GIVEN INFORMATION:

■ ■ ■ ■ ■ ■ ■

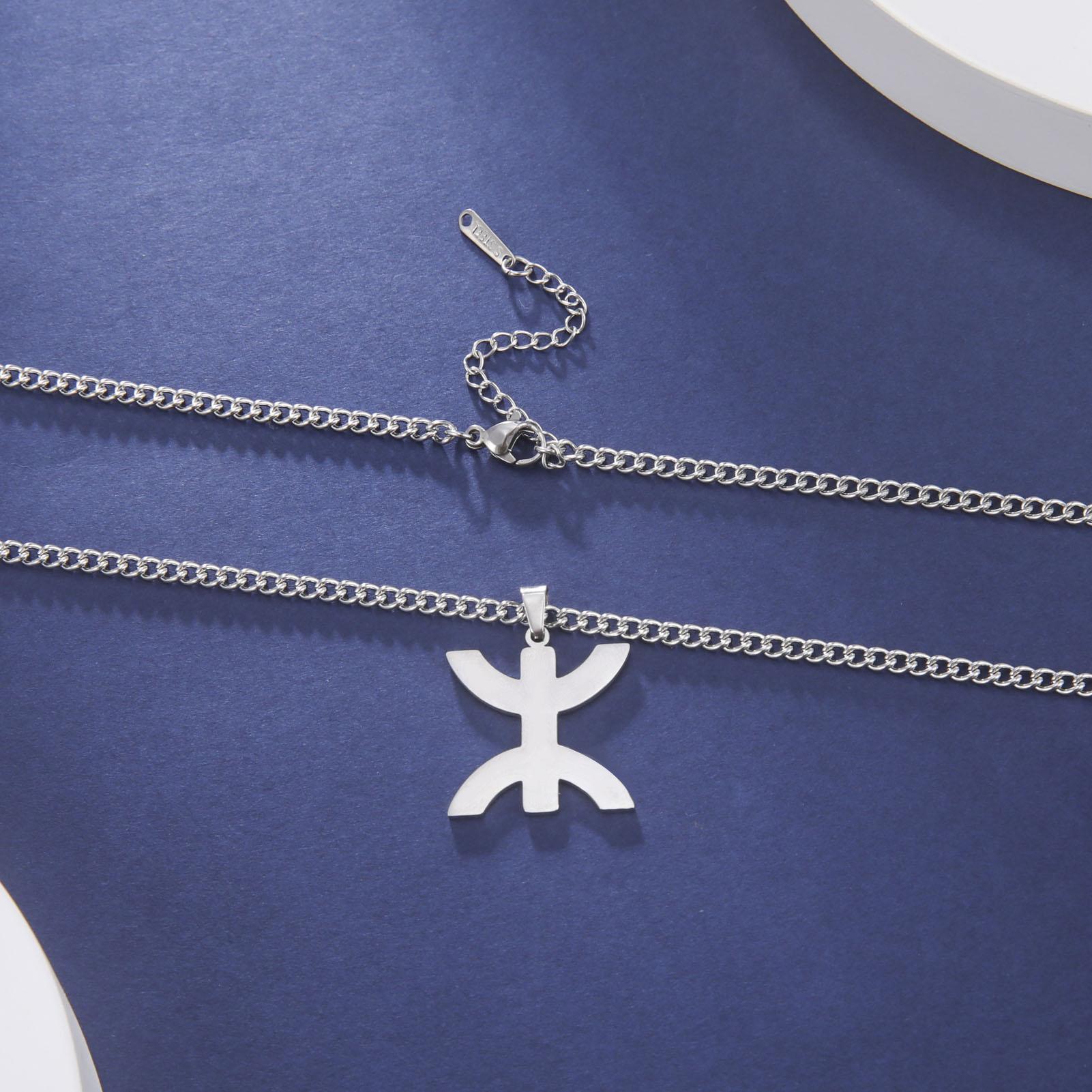 

LIKGREAT Stainless Steel Africa Berbers Symbol Necklaces For Women African Kabyle Style Ethnic Berber Jewelry Holiday Gifts 45cm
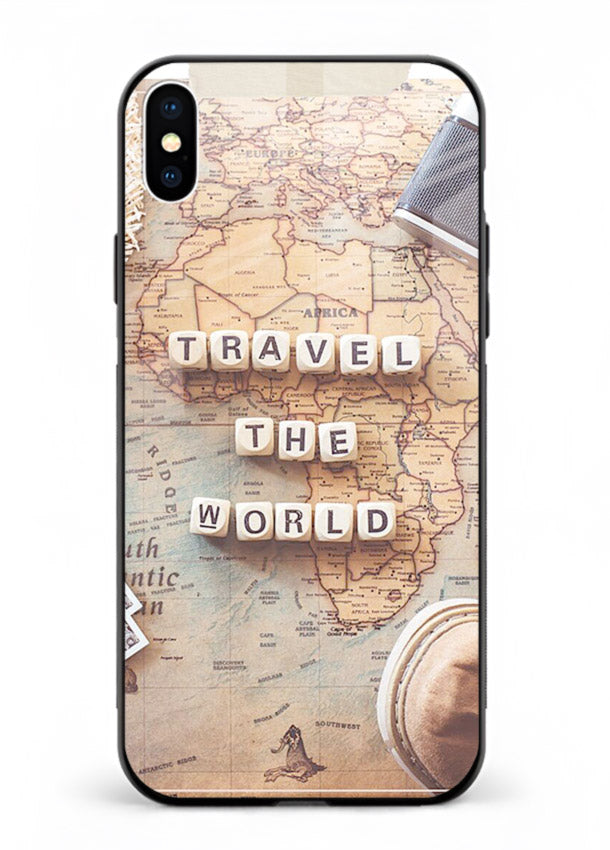 Vintage Travel Flatlay retro artwork iphone xs max glass back cover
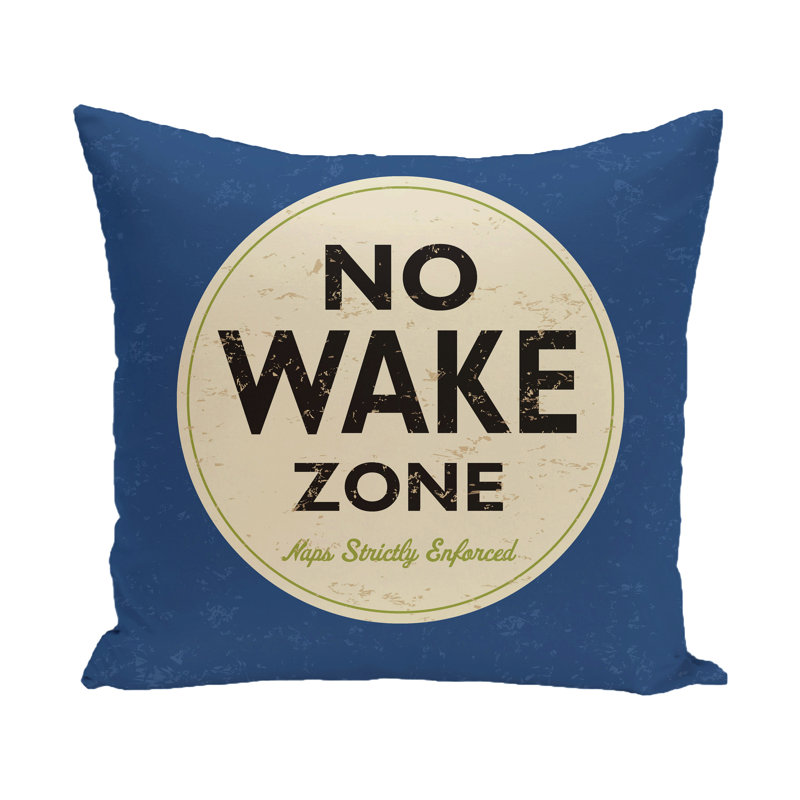 Surf, Sand, & Sea Nap Zone Word Square Pillow Cover and Insert, Blue, 26" H x 26" W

■ ■ ■ ■ ■ ■ ■

INSTRUCTIONS FOR THE TASK:
What you output must match the data exactly, apart from the pictures, which are left out.

WRITTEN SOLUTION:
LIKGREAT Stainless Steel Africa Berbers Symbol Necklaces For Women African Kabyle Style Ethnic Berber Jewelry Holiday Gifts 45cm
 Vintage Travel Flatlay retro artwork iphone xs max glass back cover
 Surf, Sand, & Sea Nap Zone Word Square Pillow Cover and Insert, Blue, 26" H x 26" W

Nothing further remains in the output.